Blueboy is crazy famous.
There was apparently even a magazine named for him.


Sent from my iPhone using Tapatalk


----------



## catskillman (Feb 25, 2018)

The Sneak said:


> Blueboy is crazy famous.
> There was apparently even a magazine named for him.
> 
> second best post of the weel
> Sent from my iPhone using Tapatalk


second bst post of the week


----------



## BenedictGomez (Feb 25, 2018)

Vaughn said:


> Hunter sounds like a really terrific mountain.
> 
> Aggressive skiers and their internet defenders, dodgy and unreliable lifts, offers to meet and fight in real life - *all this for only $85 a day?*



But there's no extra charge for massively crowded weekends.


----------



## John9 (Feb 26, 2018)

All of this just reenforces what I have always thought about Hunter,(I have never been there) over 20 years ago, I was told Hunter was for drunk, wannabe tough guy hot shots, Windham was the place to ski.


----------



## andrec10 (Feb 26, 2018)

John9 said:


> All of this just reenforces what I have always thought about Hunter,(I have never been there) over 20 years ago, I was told Hunter was for drunk, wannabe tough guy hot shots, Windham was the place to ski.



Then please stay away and go to Wimpdum. That is the old stereotype from the 80's. If you keep thinking that, more power to ya!


----------



## gmcunni (Feb 26, 2018)

andrec10 said:


> Then please stay away and go to Wimpdum. That is the old stereotype from the 80's. If you keep thinking that, more power to ya!



this thread kind of reinforces that stereotype


----------



## BenedictGomez (Feb 26, 2018)

John9 said:


> All of this just reenforces what I have always thought about Hunter,(I have never been there) over 20 years ago, I was told Hunter was for drunk, wannabe tough guy hot shots, Windham was the place to ski.



Your stereotype about Hunter is the correct one, but you miss the mark on Windham.

The Windham stereotype is that it's for old people, people who only ski groomed terrain, and people who care more about expensive trappings than skiing.


----------



## andrec10 (Feb 26, 2018)

BenedictGomez said:


> Your stereotype about Hunter is the correct one, but you miss the mark on Windham.
> 
> The Windham stereotype is that it's for old people, people who only ski groomed terrain, and people who care more about expensive trappings than skiing.


You hit the mark! Aspen of the east my ass!


----------



## Funky_Catskills (Feb 26, 2018)

John9 said:


> All of this just reenforces what I have always thought about Hunter,(I have never been there) over 20 years ago, I was told Hunter was for drunk, wannabe tough guy hot shots, Windham was the place to ski.



Awesome..  I personally don't let one guy bug me..   I don't see anybody wasted on the hill - unless it's NYPD race week.   
To each her own...


----------



## KustyTheKlown (Feb 26, 2018)

plattekill, belleayre, windham, hunter. in that order. especially since responsibilities require me to be a 90% weekend skier.


----------



## JimG. (Feb 26, 2018)

The whole Blue Boy thing is stale and needs to stop.

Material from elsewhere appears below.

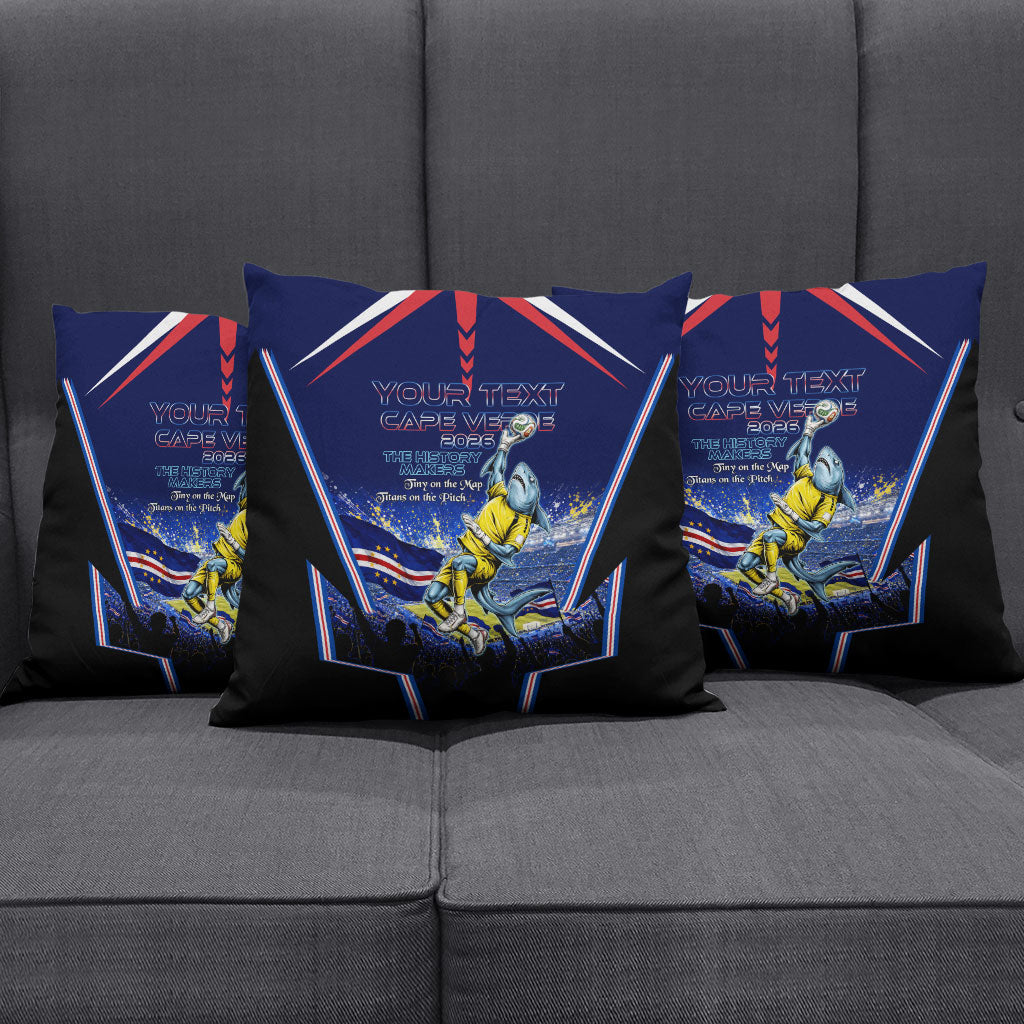 Personalized Cape Verde Blue Sharks Pillow Cover African Pride Dynamic Stadium Soccer Graphic Art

I ski all the Catskills areas.

Plattekill is great when there is good snow, not so much this season.

Belleayre is a classic ridgeline ski area with little long sustained vertical. Better natural snow than Hunter or Windham and they do a good job leaving 4 of the steep pitches at the top bumped up and supplied with snowmaking.

Windham is OK but nothing stands out about it to me other than the upscale skier emphasis. Hey having a sushi chef on staff doling out sushi in the cafeteria sells.

Hunter has the best snowmaking and completely blows all the other Catskill ski areas away in terms of sustained vertical and steeps. Think west side.

Take your pick if you want to ski there. Why not try each place out and come to your own conclusions? Saying you heard this and that about any ski area and then saying "but I've never been there" kind of disqualifies your "opinion". Or don't go and believe what you hear, who cares?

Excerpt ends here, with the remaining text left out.